Salute! My name is Nancy, my husband Tom and I moved to Italy from Seattle after I retired on July 30. We spent 3 months in Chioggia, 3 in Perugia and are now settled in an apartment in Arezzo with a 15 month lease. During the next 15 months we will decide if we want to buy a place and stay permanently or head back to Seattle. Meanwhile, we would love to meet others in our area (Italian or english speaking) and are willing to provide information about Arezzo, Perugia and Chioggia (and Seattle for that matter) if anyone has a question.

We look forward to 'meeting' people on this site.

thanks!


----------



## dtolan

*Gathering information in preparation for moving*

Hello, Dan here - I have just taken a jobs at a company that is 100% work from home. I am looking to take advantage of this and possibly moving to Italy for a few years working & seeing europe. I hope to all my plans in place by the end of the year & plan to move sometime in the next year or so. My wife & I are currently looking in the Genoa or Piedmont area. but, nothing is for sure. 

Looking forward to getting great information 

Dan


----------



## RovingSH

Hello all, American expat living in London here. Considering moving to Italy as much of my work and thought this might be a good place to find some helpful info! Cheers.


----------



## tkpierce

RovingSH said:


> Hello all, American expat living in London here. Considering moving to Italy as much of my work and thought this might be a good place to find some helpful info! Cheers.


Hello RovingSH! Welcome to the forum. I am new here myself---still living in Texas but with hopes of moving to Italy or Spain one day. There is lots of useful information on the forums and I've enjoyed reading through them. Best of luck and I'll be visiting England and Scotland again next year for several weeks---so I may have some questions of you.

Enjoy your weekend....Tanya


----------



## RovingSH

tkpierce said:


> Hello RovingSH! Welcome to the forum. I am new here myself---still living in Texas but with hopes of moving to Italy or Spain one day. There is lots of useful information on the forums and I've enjoyed reading through them. Best of luck and I'll be visiting England and Scotland again next year for several weeks---so I may have some questions of you.
> 
> Enjoy your weekend....Tanya


Hi Tanya! Just drop me a message if you need anything or have any questions. Happy to help!


----------



## Asian Spirit

Liv Taylor said:


> Hi, Liv here. I'm working as an Analyst in the agency. Nice to meet you all! See ya..


Hi Liv and welcome to the forum. Hope you enjoy being here and will have a good time reading and posting on the site.



Jet Lag
Philippines Moderator


----------



## Jennybeans

*Hi!*

I'm an American that recently accepted a job in Napoli. I will be moving to italy shortly.


----------



## aychen12

Hello my name is Arnold and I'm a Taiwanese American from Chicago. I just moved to Nembro Italy (around Bergamo, 1 hour drive from Milan) because my wife is Italian and we just had our son in Italy. If anyone is around this area, send me a message, would love to meet some other expats living around this area.


----------



## Lloydfred

*Hi we are new here*

So I guess you all would like to know a little bit about us. 

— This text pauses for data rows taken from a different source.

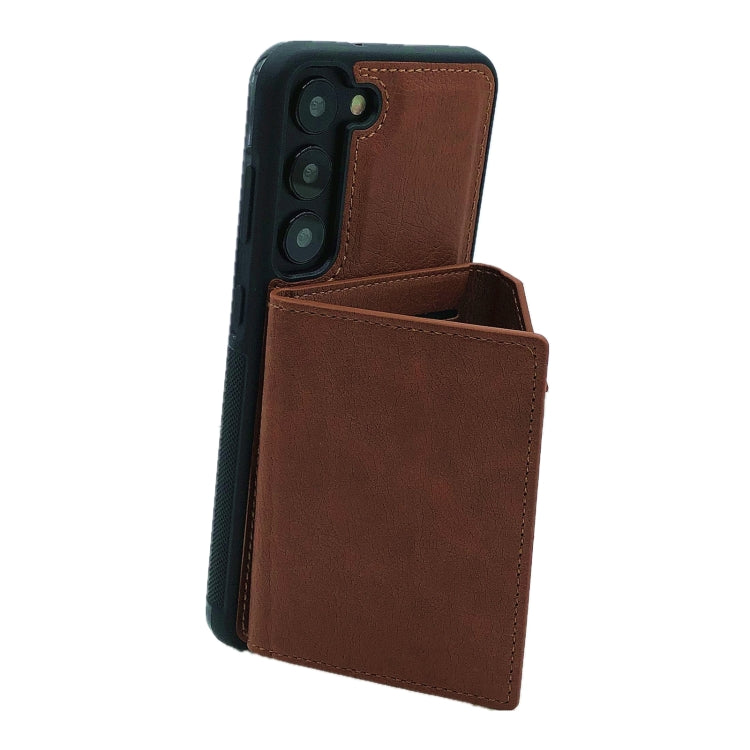 For Samsung Galaxy S24 5G Solid Color Metal Buckle Card Slots Bag Phone Case(Brown) - HoMEdemic™ 
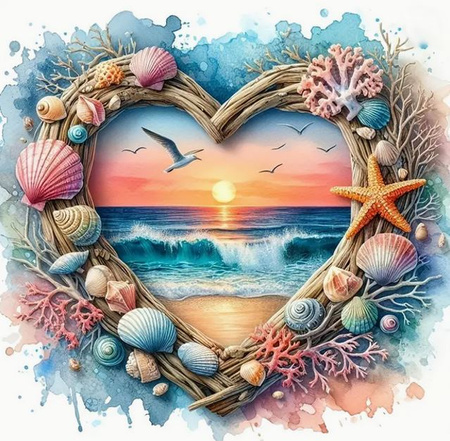 Diamentowa Mozaika Wybrzeże serce z widokiem na brzeg NO-2002227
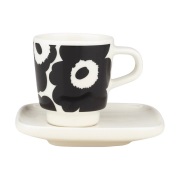 Marimekko Unikko espressokuppi ja lautanen 2 osaa Musta-valkoinen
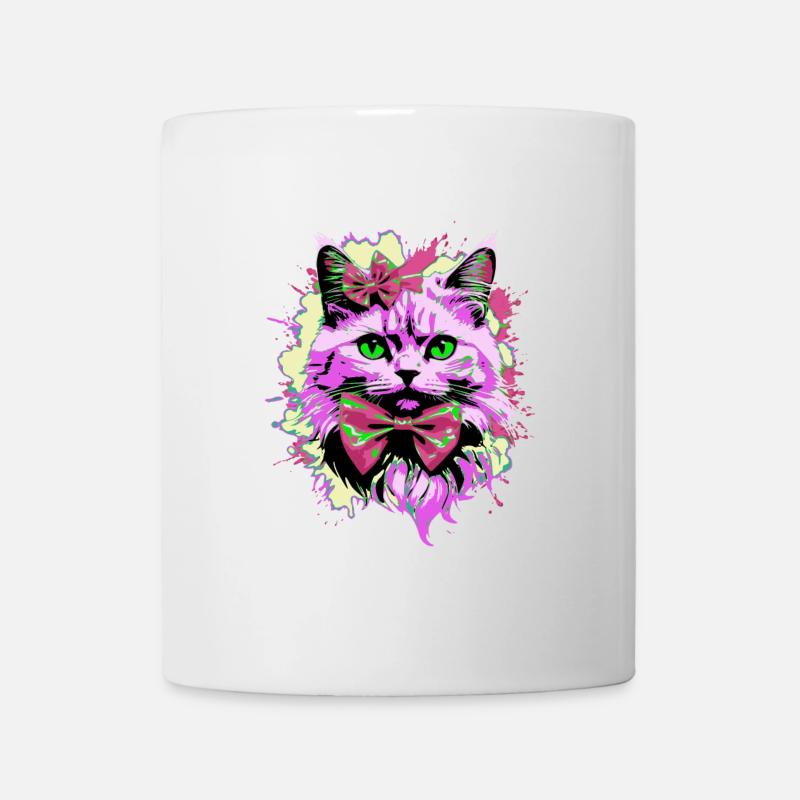 Neonkatze mit Fliege - Tasse - Weiß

Well we are a married couple in our mid 30's and early 40's we have a young son age 3 years and have had a dream to re-locate to Italy and run a holiday letting business.Hi Everyone,

We are new here and just learning our way around your site. Forgive me if this is the wrong section, but here goes.



We have traveled a fair bit within Italy Tuscany, Sicily etc etc and have decided Perugia, Umbria would suit us for the move. We are looking for a main dwelling and several annex's to manage as holiday lets. 

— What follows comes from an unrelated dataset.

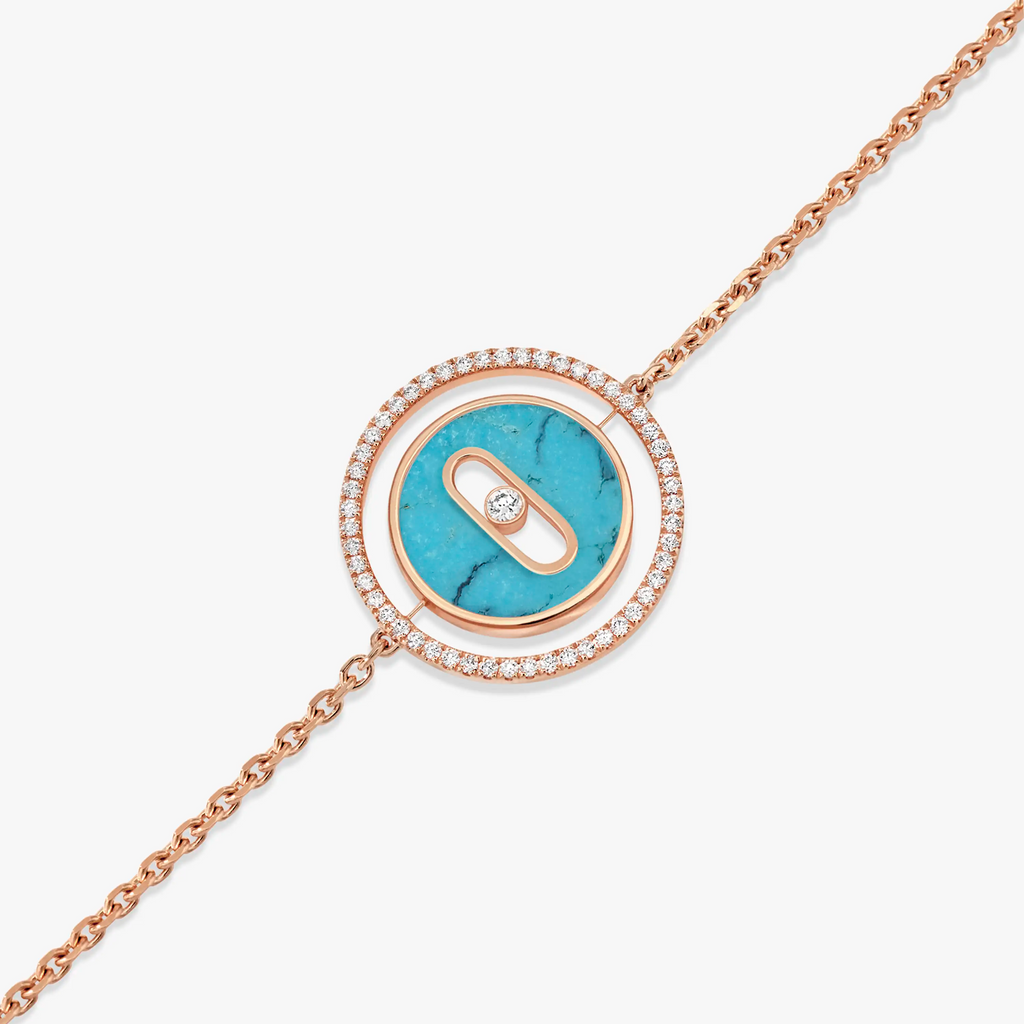 [Loco]LUCKY MOVE TURQUOISE PINK GOLD DIAMOND BRACELET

We would love to hear from British Expat's that are living in Perugia that can point out the pro's and of course the cons of living and managing a letting business in Italy. Our main areas of interest are schools for our little lad and how easy he will adjust to life within an Italian school. 

Kind Regards

Simon & Emma


----------



## teejtc

An American here, currently living in Upstate New York, but if all goes well, our family will be moving to Portici (NA) in early September. My wife is a Master Social Worker and will be working with the Immigrant population in Napoli, I am a pastor and - as soon as my language skills are up to it - will likely be pastoring the Chiesa Metodista a Portici...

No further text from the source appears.